職場から「又吉、芥川賞受賞」の一報が店長にもたらされると、中盤に差しかかっていた懇親会の場は俄然盛り上がった。それもそのはずだった。

芥川賞は直木賞と違い、候補作の時点では未刊であるのが普通だ。上半期の場合、前年11月〜5月の間に雑誌に発表された作品が選考対象となり、受賞後に書籍化されるものがほとんどである。しかし、2015年1月に『文學界』2月号に掲載されたばかりの『火花』は、翌々月の3月にはすでに単行本として発売されていた。『文學界』創刊以来初の重版がかかるほどの話題作だったから、異例の早さで書籍化されたのも当然といえば当然だった。

単行本が発売されて以来ずっと売れまくっている上に、そこに芥川賞という栄誉が乗っかればさらにブーストがかかる。

「あのさ、『火花』が芥川賞を獲りました、って今から店内放送かけさせなさいよ!」

店長のスマホの電話口に向かって【とても偉い人】の1人が叫んだ。もう1人の【とても偉い人】は、電話をかけながらどこかへ消えた。多分、文藝春秋の【とても偉い人】に祝辞を述べに行ったのだろう。

「工藤くん、こういう時はね、今からでも取次会社(問屋)に行って、『火花』よこせー!ってドアをバンバン叩くくらいの気持ちがないといけないよ!」

【店内放送かけさせ偉い人】の言葉に、「なるほど、そういうもんですか」と深くうなずきながら、夜中に顔を真っ赤にした酩酊状態の若者が会社のドアを叩きながら喚く姿を想像した。完全に不審者だ。

それでも書店員3年目にふさわしいくらいには、私は浮かれていた。心の中で「こりゃめちゃくちゃ売れるぜ!やっHooー!」と思ったし、それ以外のことは考えなかった。

実際、お笑い芸人による純文学デビュー作の芥川賞受賞は、作品の売上以上の影響をもたらした。来店客数が目に見えて増えたのだ。『火花』目当ての人がほとんどだったかも知れないが、文芸書以外の書籍の売上も急激に伸びたことには驚いた。

細かい分析なんて当時の私には出来なかった。けれど、今まで読書に興味がなかった人たちの間に「本って、もしかしたらおもしろいのかも」という空気が新たに生まれた、『火花』が「新しい読書の入口」を開いた、そう確信に近いものを感じた。なんの根拠もない分析だったが、私の感覚は正しかったと今でも勝手に思っている。

長く続く出版不況に、ここ2年は感染症の影響も加わって、他業種と同様に書店経営も厳しい状況に置かれている。

自粛ムードで読書需要が伸びるという見方は間違いではなかったと思う。けれど、それが必ずしもリアル書店の売上に直結する訳ではない。家から一歩も出ずともクリックひとつで本が届く時代だ。

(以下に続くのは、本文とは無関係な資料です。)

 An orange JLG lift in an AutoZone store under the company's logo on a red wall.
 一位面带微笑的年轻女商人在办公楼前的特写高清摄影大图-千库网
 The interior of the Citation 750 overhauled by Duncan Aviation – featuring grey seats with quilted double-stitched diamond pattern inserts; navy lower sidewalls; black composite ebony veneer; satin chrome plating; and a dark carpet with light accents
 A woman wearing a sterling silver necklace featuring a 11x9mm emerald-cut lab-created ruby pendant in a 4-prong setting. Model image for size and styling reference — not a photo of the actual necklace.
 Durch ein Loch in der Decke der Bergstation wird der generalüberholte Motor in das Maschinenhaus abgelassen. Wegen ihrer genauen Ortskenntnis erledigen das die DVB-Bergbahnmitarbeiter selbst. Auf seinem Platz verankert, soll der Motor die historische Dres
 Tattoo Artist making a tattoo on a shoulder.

ネット書店とリアル書店との大きな違いの一つは、人である書店員が客と向き合って本を売っているか、そうでないかだろう。

多くの小売業が痛感しているはずだが、向き合うべき客が減り売上が下がれば、モチベーションは次第に下がっていく。無観客のスポーツ大会に似ているかも知れない。そしていずれ、その状況が当たり前なんだと思うようになる。仕方ないんだと思うようになる。モチベーションが下がればアイデアは枯渇する。店は魅力を失い、客はさらに離れていく。

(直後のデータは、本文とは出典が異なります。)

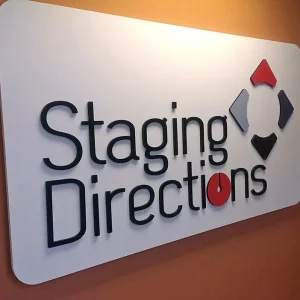 3d letter signage on a white sign plate on a interior office wall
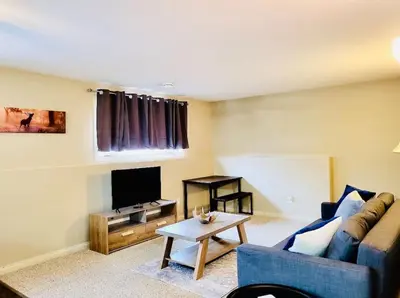 a living room with a couch and a table at Spacious Basement suite in Camrose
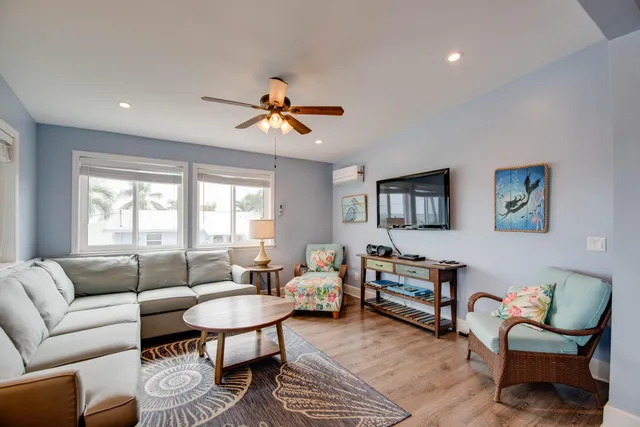 a kitchen with a sink stove top oven and refrigerator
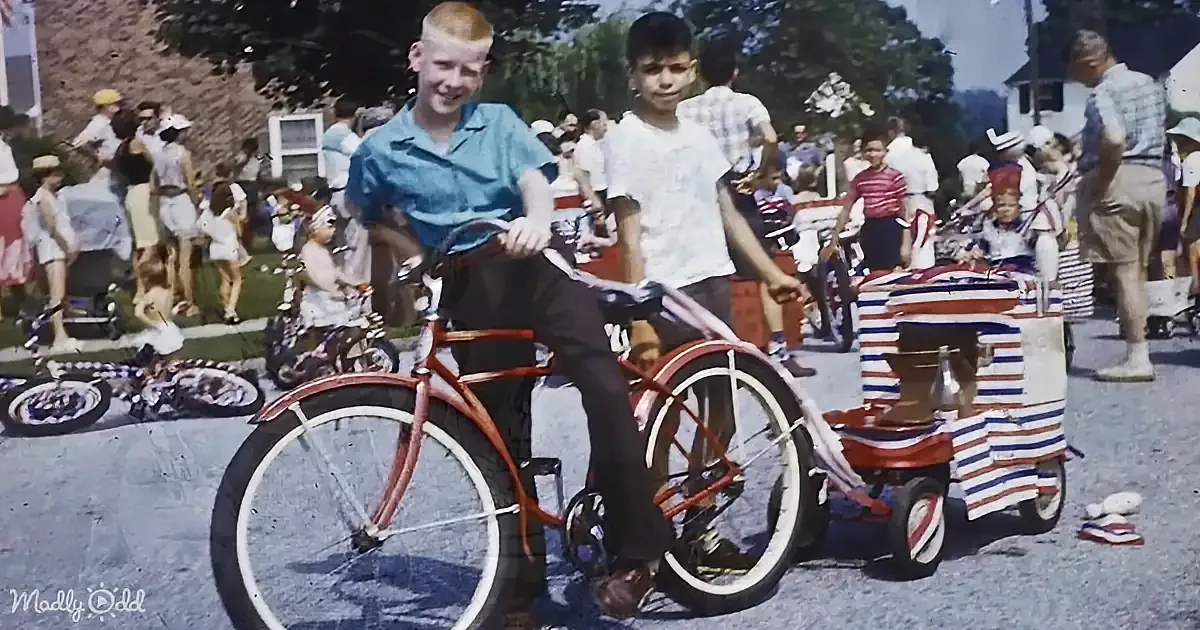 A boy in a blue shirt stands with a red bicycle, surrounded by a crowd of people at an outdoor event.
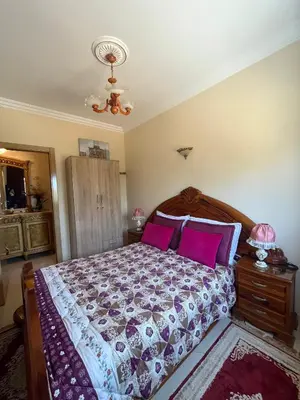 a bedroom with a large bed with pink pillows at Appartement Skhirat , vue sur mer in Skhirat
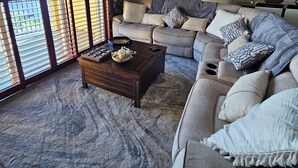 A living room with a sectional sofa, a coffee table, and a large window with blinds. - Luxury 2-bedroom waterfront condo with parking, in sunny South Tampa (Tampa)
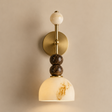 A wall-mounted sconce with a round brass backplate, a vertical brass stem, a cream marble sphere at the top, two stacked dark brown marbled beads, and a dome-shaped cream marble shade with warm gold veining, shown against a beige wall.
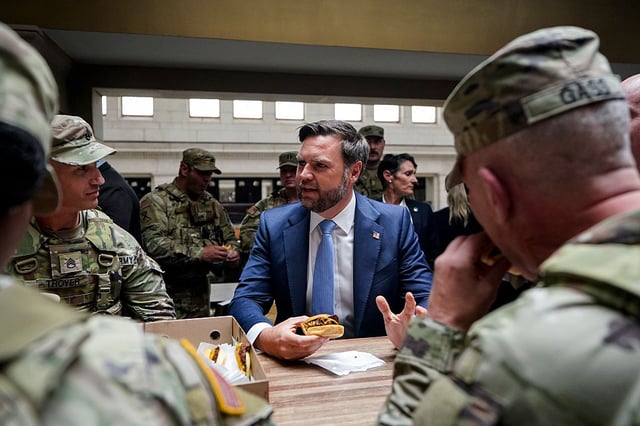 Vice-President JD Vance eats a Shake Shack hamburger with members of the National Guard during a visit to Union Station on Aug. 20, 2025, in Washington, D.C. The Trump administration has deployed federal officers and the National Guard to the district in order to place the city's Metropolitan Police Department under federal control and assist in crime prevention in the nation's capital.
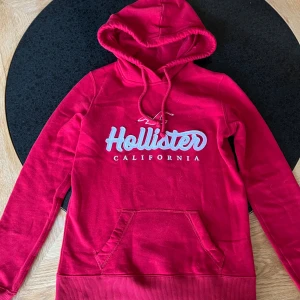 Röd hoodie från Hollister California - Snygg röd hoodie från Hollister California med vit logotyp på bröstet. Tröjan har huva med snörning, magficka och ribbade muddar vid ärmslut och nederkant. Perfekt för dig som gillar streetwear och vill ha en chill look.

書くまでもないことだが、私たちは一人としてそんなことを望んじゃいない。望んでいないのだとすれば、自分で作っちまえば良いのである。たとえ文豪じゃなくても、人にしか生み出せない「新しい読書の入口」を。

5年ほど前、出社後の社員ミーティングで当時の店長が言った。

「ネット書店に勝つ必要なんてない。これからは、ネット書店といかに共存していくか、それをみんなで考えていこう」

思えばこの時の店長のことばを聞いてから今の今まで、書店員とは何かという、ただ一つの問いについて愚直に考え続けている気がする。自分でも驚いた。なんと真面目で、おもしろみのない会社員だろう。

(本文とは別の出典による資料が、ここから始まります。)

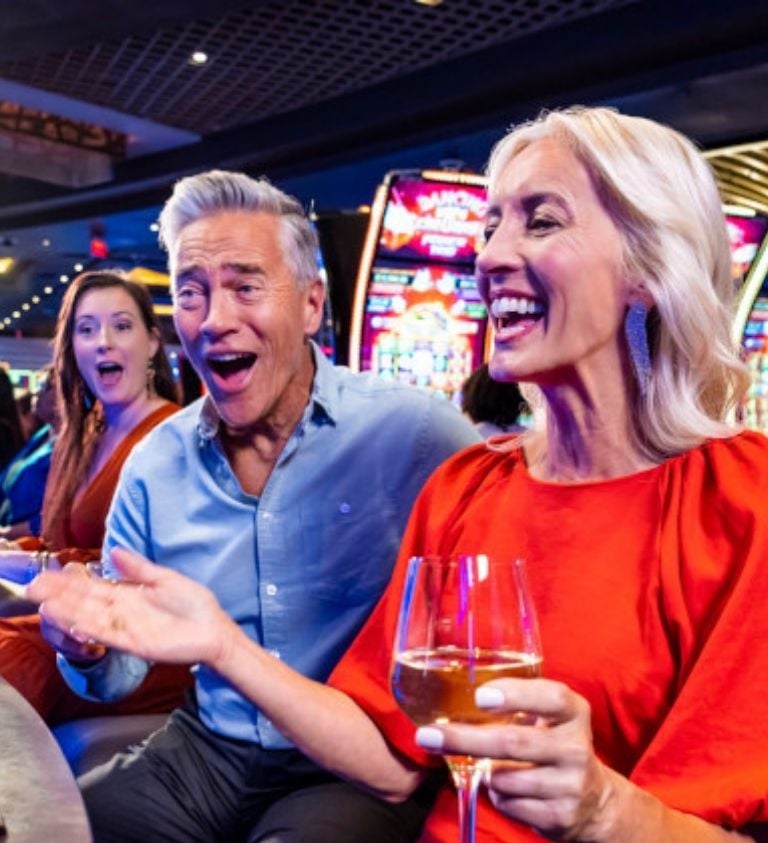 Guests playing on slot machines and celebrating hitting the jackpot.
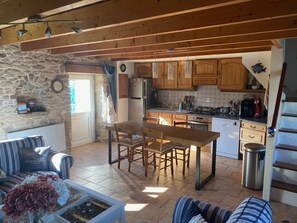 Eine gemütliche Küche mit Holzschränken, einem Essbereich mit Tisch und Stühlen, einer Steinwand und Blick ins Freie.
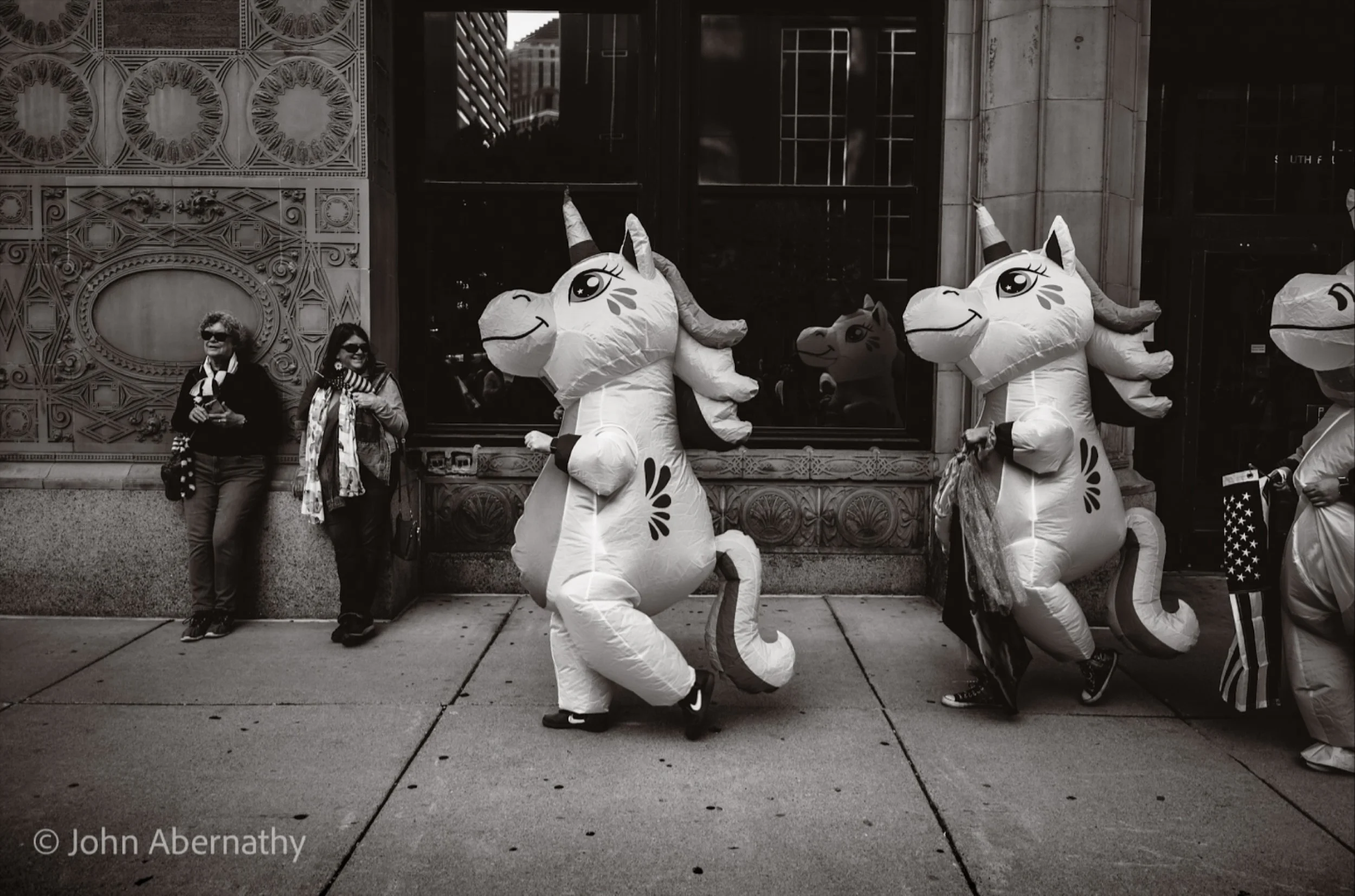 Two radical left unicorns trotted through downtown Minneapolis, hooves clacking on the sparkling pavement, shouting “No Kings!” into the mist while the violent frog-suit guy from Seattle livestreamed from a parallel protest dimension. The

共存とは、別のもの同士が互いを損なわず、折り合いをつけて存在していくことを意味する。意味する、とか書くとことばのプロみたいで間違っていた時恥ずかしすぎるから念のため辞書で調べてみたら大体合っていた。良かった。

別のものなのだから、ネット書店と同じことをしなければと躍起になる必要はない。人にしか出来ないことをやればいい。

『火花』が芥川賞を受賞した後の、店の様子を想像してみる。

入口の一番目立つ場所に、『火花』だけを求めてやって来た多くの人たち。同じ本が山のように積まれた棚から、ほんの少しだけ目を逸らしてみた、かも知れない。その視線は、山の向こう側にある何千何万冊の、膨大な量の本を捉えた、かも知れない。その光景に圧倒され、やがて押し寄せてくる知識と好奇心の大洪水に飲み込まれそうになった、かも知れない。気付いたら、何をしにここへ来たのかと、本来の目的を見失っている自分がいた、かも知れない。

実際には全然違っていたとしても、そんな体験を、これから何度だってしてほしい。書店員が持つ影響力は所詮、著名な作家や、SNSで紹介した本がバズるインフルエンサーに比べれば小さいものだろう。けれど、棚の向こう側に見える驚嘆すべき風景を、売場を通して見せるのは、私たちにしかできない仕事なのだ。

つい最近始まったフェアには、問いに対する私の解答をこの目で確かめてみたいという自分本位な意図も含まれている。

棚の向こう側に未知の世界が広がっているように、たった1冊の本の向こう側にも、幾多の風景を見ることができる。例えば本の奥付に記された、発行所、デザイン、校正、印刷、製本、編集者などなど。作品の中はもちろん、まえがきにもあとがきにも、帯にも表紙の裏にも書き尽くせないつくり手たちの願いや葛藤が、本の向こう側には確かに存在している。

書店にある本をすべて読破するのが無理なように、つくり手の履歴をすべて理解することはできない。

ただ想像することはできる。触れることはできる。数々の出会いと感情の集積が1冊の本を形づくっていることを、感覚的に察知することができる。それに気付いた時、私たちは「新しい読書の入口」に立っているのだと信じたい。

書店員になって10年目に突入した。しかしながら未だに取次会社のドアを叩いたことはない。【とても偉い人たち】の顔が浮かぶ。この調子では一生ああいうポジションにつくことはないだろうな。

別に願ったことはないけれど。

新しいドアをせっせと拵えながら、多くの人たちによってそのドアが叩かれるのを楽しみに待つのが、私の仕事だからだ。